> **Directions**
After finding the line with "Opel Astra GTC 1.6 Temptation" in the data below, set down exactly each line through the one with "Property Photo: 7844 Marconi Court VA 22153", inclusive, and stop there.

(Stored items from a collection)
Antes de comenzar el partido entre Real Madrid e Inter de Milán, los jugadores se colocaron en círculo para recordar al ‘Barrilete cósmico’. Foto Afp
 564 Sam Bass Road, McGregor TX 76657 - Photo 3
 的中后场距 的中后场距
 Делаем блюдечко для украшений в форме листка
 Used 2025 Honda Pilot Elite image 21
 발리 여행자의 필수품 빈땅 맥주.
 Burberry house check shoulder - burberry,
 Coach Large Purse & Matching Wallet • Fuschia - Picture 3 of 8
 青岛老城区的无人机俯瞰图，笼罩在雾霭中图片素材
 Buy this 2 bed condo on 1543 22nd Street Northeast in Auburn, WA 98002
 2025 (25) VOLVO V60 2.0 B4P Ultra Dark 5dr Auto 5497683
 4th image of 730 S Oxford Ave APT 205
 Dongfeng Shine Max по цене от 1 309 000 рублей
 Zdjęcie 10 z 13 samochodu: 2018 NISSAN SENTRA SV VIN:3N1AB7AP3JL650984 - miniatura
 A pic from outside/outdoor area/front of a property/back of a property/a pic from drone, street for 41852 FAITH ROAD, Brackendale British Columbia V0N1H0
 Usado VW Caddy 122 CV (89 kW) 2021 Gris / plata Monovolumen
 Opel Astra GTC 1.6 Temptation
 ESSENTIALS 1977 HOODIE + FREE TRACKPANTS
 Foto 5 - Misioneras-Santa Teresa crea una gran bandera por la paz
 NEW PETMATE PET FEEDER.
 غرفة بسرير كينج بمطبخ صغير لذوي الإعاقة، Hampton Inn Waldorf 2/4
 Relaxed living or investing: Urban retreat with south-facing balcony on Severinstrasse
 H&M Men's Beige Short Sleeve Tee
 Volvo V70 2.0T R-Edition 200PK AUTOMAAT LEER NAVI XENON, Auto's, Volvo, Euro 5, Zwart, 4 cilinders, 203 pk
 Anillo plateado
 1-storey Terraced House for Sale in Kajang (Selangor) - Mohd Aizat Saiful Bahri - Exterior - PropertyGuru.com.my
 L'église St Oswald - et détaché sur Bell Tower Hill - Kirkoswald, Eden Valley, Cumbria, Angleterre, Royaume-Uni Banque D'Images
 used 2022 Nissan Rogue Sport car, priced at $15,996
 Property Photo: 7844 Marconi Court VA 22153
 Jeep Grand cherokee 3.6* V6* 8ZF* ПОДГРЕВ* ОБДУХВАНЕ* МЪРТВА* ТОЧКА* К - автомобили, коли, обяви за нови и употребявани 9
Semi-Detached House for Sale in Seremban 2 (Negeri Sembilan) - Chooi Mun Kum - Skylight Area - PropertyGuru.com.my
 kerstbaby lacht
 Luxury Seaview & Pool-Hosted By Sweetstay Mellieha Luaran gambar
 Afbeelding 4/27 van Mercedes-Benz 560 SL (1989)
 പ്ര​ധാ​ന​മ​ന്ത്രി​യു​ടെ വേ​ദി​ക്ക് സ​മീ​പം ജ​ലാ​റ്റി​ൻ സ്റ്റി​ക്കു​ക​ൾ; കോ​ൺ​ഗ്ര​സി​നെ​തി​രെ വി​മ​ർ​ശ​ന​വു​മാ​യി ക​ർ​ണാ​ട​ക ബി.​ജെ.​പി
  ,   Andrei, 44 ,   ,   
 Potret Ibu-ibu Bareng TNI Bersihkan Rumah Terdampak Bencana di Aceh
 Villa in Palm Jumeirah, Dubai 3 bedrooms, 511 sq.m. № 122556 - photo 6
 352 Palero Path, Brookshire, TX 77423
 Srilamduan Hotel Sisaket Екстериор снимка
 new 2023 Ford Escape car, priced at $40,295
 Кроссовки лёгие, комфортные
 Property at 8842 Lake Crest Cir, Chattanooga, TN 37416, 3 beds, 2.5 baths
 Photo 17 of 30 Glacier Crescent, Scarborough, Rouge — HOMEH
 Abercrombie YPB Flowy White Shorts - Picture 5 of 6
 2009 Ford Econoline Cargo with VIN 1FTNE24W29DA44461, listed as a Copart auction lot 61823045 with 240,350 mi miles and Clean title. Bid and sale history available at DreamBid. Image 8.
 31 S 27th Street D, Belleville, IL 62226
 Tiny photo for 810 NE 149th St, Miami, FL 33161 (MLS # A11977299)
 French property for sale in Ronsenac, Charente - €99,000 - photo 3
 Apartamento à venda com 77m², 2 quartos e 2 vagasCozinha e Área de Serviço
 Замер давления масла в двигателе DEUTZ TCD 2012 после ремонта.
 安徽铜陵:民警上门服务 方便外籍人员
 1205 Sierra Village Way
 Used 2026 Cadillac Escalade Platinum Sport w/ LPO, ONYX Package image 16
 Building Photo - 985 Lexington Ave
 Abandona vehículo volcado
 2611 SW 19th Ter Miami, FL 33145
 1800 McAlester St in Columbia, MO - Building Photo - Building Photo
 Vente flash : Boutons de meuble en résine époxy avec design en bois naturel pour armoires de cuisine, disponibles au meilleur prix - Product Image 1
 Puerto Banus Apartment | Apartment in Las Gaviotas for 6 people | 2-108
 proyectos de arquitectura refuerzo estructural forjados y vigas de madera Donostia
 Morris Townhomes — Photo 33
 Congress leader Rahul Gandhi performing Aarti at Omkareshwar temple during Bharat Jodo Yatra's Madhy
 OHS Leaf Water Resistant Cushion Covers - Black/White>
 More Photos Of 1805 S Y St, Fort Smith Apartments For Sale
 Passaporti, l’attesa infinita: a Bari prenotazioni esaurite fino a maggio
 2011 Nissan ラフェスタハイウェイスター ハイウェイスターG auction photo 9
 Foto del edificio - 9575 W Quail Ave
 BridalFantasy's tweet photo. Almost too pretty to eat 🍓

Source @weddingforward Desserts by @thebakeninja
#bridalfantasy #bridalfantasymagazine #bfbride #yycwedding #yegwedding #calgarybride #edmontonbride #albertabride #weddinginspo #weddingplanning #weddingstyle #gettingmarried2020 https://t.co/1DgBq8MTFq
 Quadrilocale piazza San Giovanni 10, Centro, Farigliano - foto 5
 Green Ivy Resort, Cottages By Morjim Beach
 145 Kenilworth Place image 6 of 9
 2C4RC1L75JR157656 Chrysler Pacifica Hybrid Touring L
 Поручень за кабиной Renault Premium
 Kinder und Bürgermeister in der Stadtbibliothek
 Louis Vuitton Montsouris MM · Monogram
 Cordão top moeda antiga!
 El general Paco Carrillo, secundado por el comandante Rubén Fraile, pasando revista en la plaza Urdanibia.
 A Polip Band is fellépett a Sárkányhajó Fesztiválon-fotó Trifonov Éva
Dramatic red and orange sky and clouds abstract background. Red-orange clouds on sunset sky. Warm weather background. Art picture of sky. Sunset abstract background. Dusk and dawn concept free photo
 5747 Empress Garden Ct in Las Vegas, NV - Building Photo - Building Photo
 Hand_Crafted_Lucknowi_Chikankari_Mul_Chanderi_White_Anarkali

> **Exercise output**
 Opel Astra GTC 1.6 Temptation
 ESSENTIALS 1977 HOODIE + FREE TRACKPANTS
 Foto 5 - Misioneras-Santa Teresa crea una gran bandera por la paz
 NEW PETMATE PET FEEDER.
 غرفة بسرير كينج بمطبخ صغير لذوي الإعاقة، Hampton Inn Waldorf 2/4
 Relaxed living or investing: Urban retreat with south-facing balcony on Severinstrasse
 H&M Men's Beige Short Sleeve Tee
 Volvo V70 2.0T R-Edition 200PK AUTOMAAT LEER NAVI XENON, Auto's, Volvo, Euro 5, Zwart, 4 cilinders, 203 pk
 Anillo plateado
 1-storey Terraced House for Sale in Kajang (Selangor) - Mohd Aizat Saiful Bahri - Exterior - PropertyGuru.com.my
 L'église St Oswald - et détaché sur Bell Tower Hill - Kirkoswald, Eden Valley, Cumbria, Angleterre, Royaume-Uni Banque D'Images
 used 2022 Nissan Rogue Sport car, priced at $15,996
 Property Photo: 7844 Marconi Court VA 22153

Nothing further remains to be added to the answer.